ABOUT THIS EXERCISE ::
Copy exactly the lines of the records below, starting at the line that contains "Cercei din Argint 925 Silver cu Moissanite" and continuing through the last line, both included; omit any pictures.

* * *

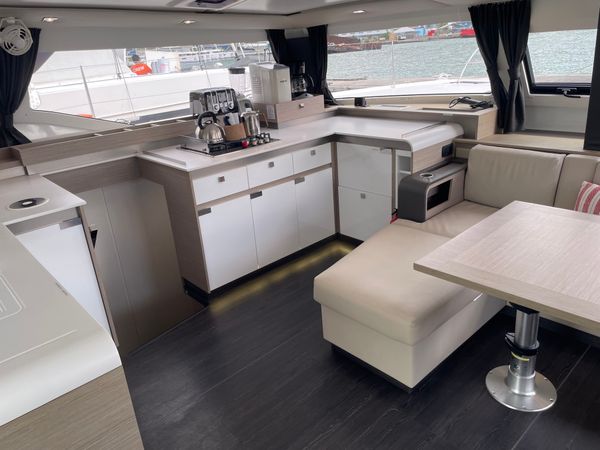 Fountaine Pajot Elba 45 | Seeker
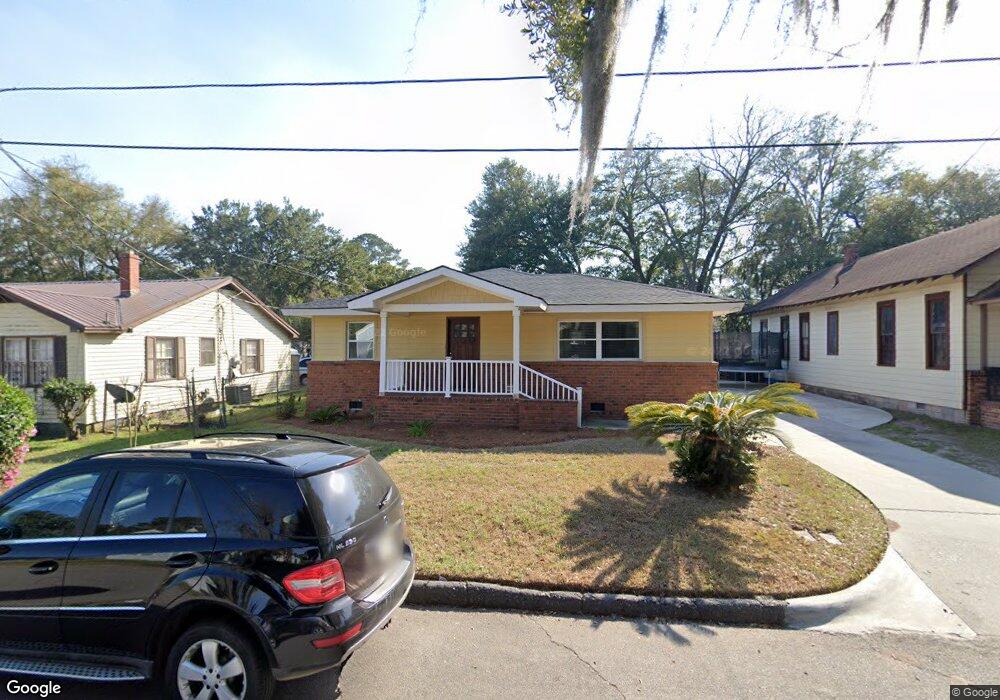 127 W 53rd St, Savannah, GA 31405 - photo 1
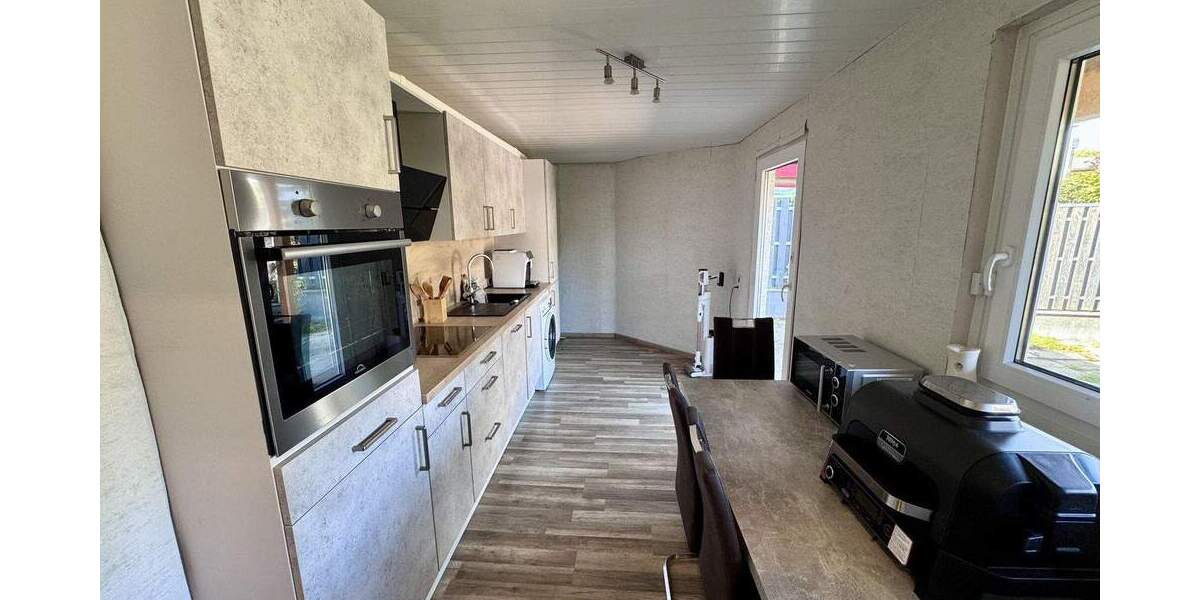 Mehrfamilienhaus, Wohnhaus Ritterhude - 7 Zimmer, 218 m&sup2;, 310.000&euro; | Angebot:25685803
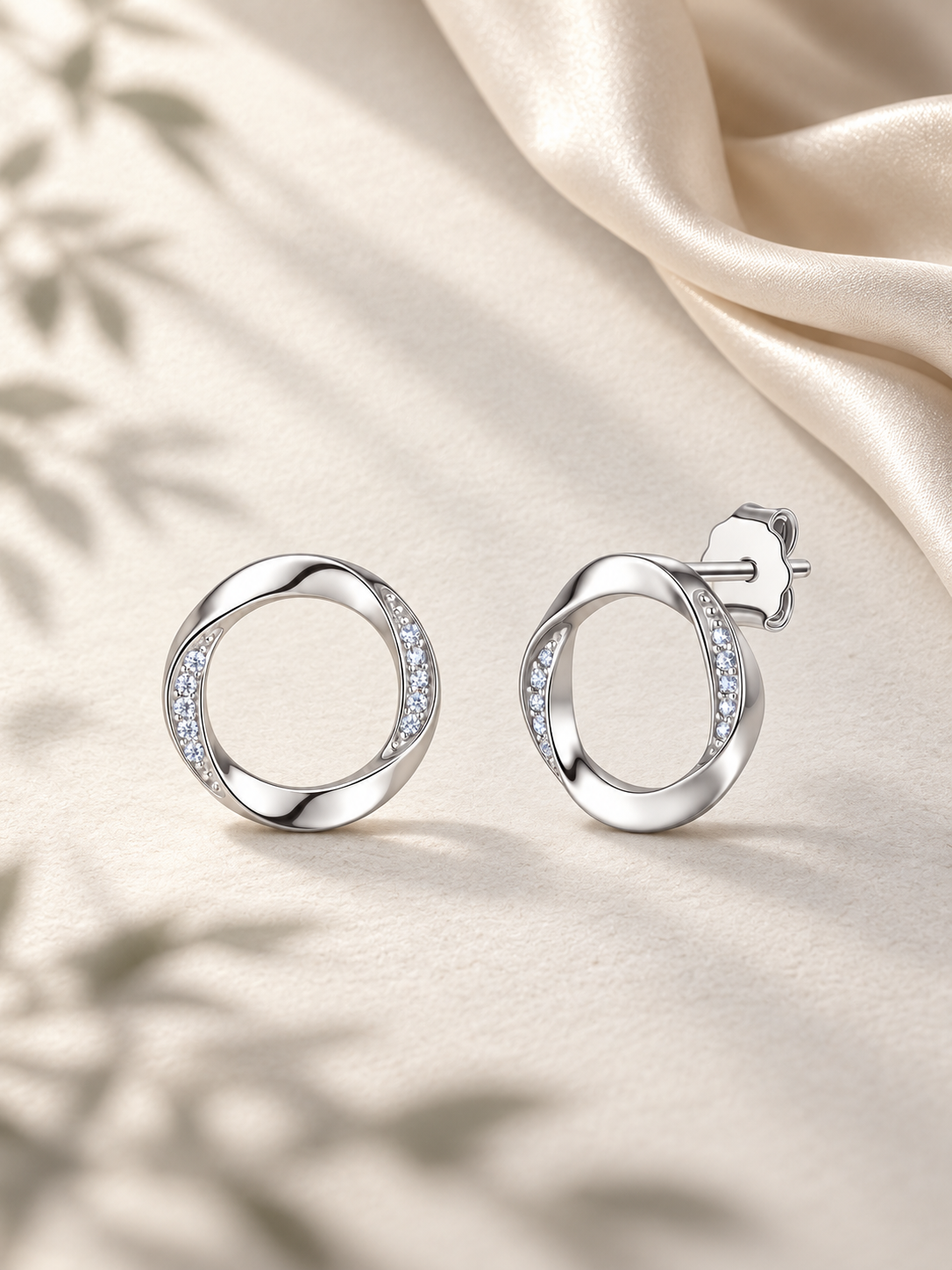 Cercei din Argint 925 Silver cu Moissanite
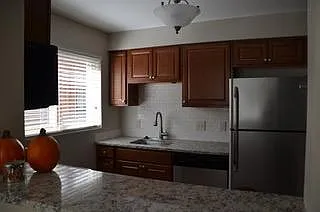 3945 Millsbrae Ave #B — Photo 2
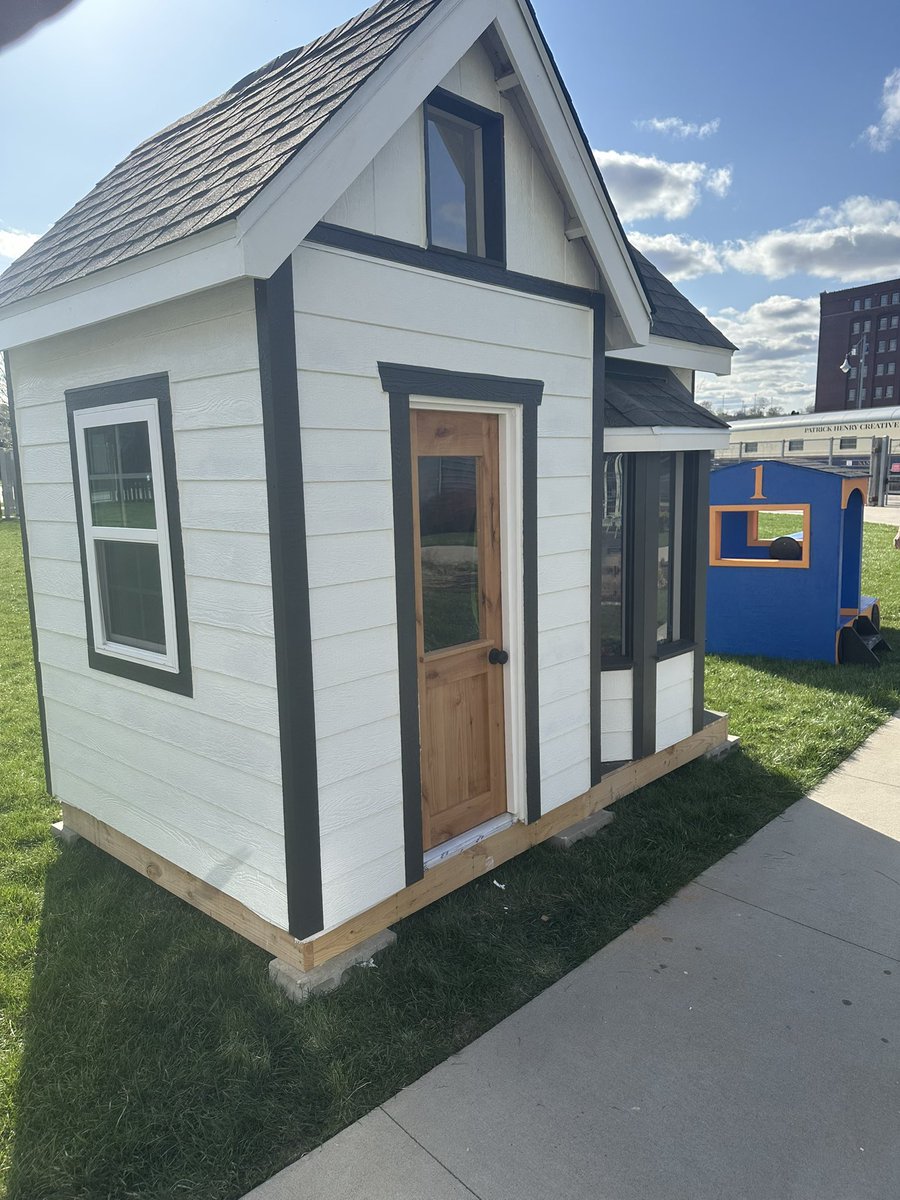 LHS Construction tweet media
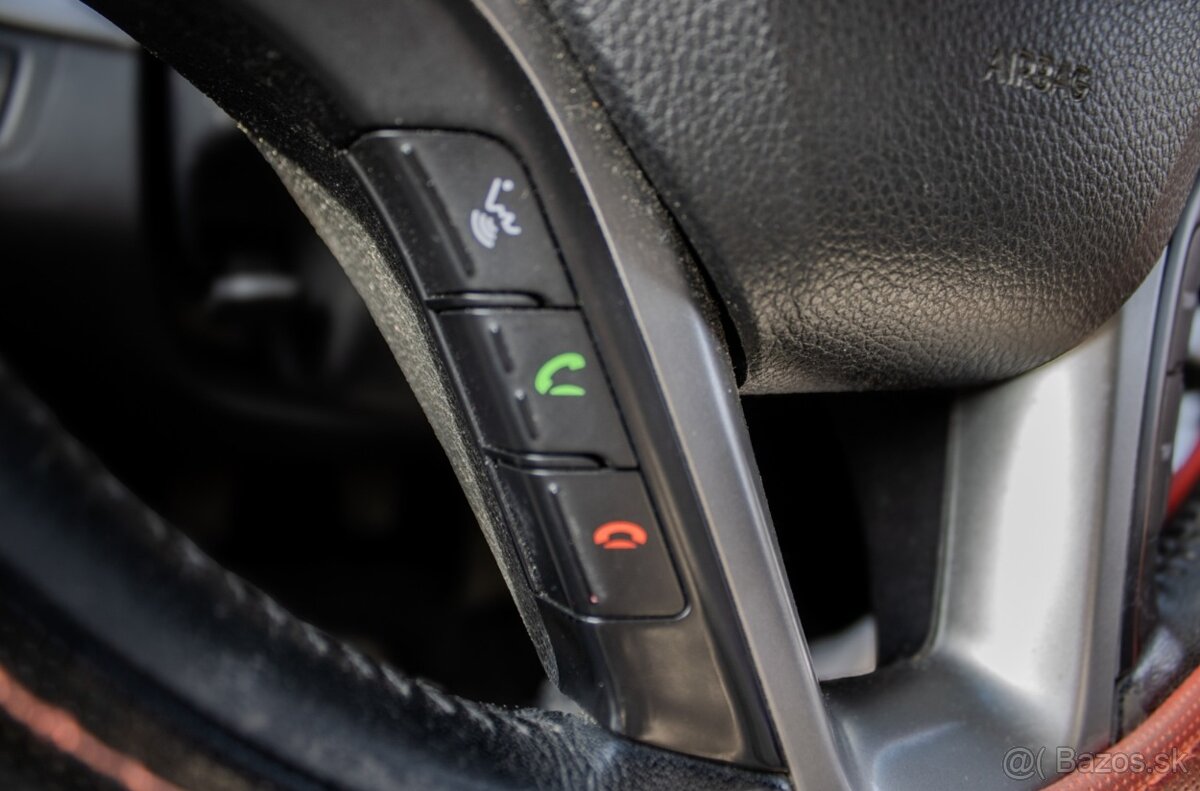 Hyundai i40 CW 1.7 CRDi Comfort - 14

* * *

EXERCISE RESPONSE ::
 Cercei din Argint 925 Silver cu Moissanite
 3945 Millsbrae Ave #B — Photo 2
 LHS Construction tweet media
 Hyundai i40 CW 1.7 CRDi Comfort - 14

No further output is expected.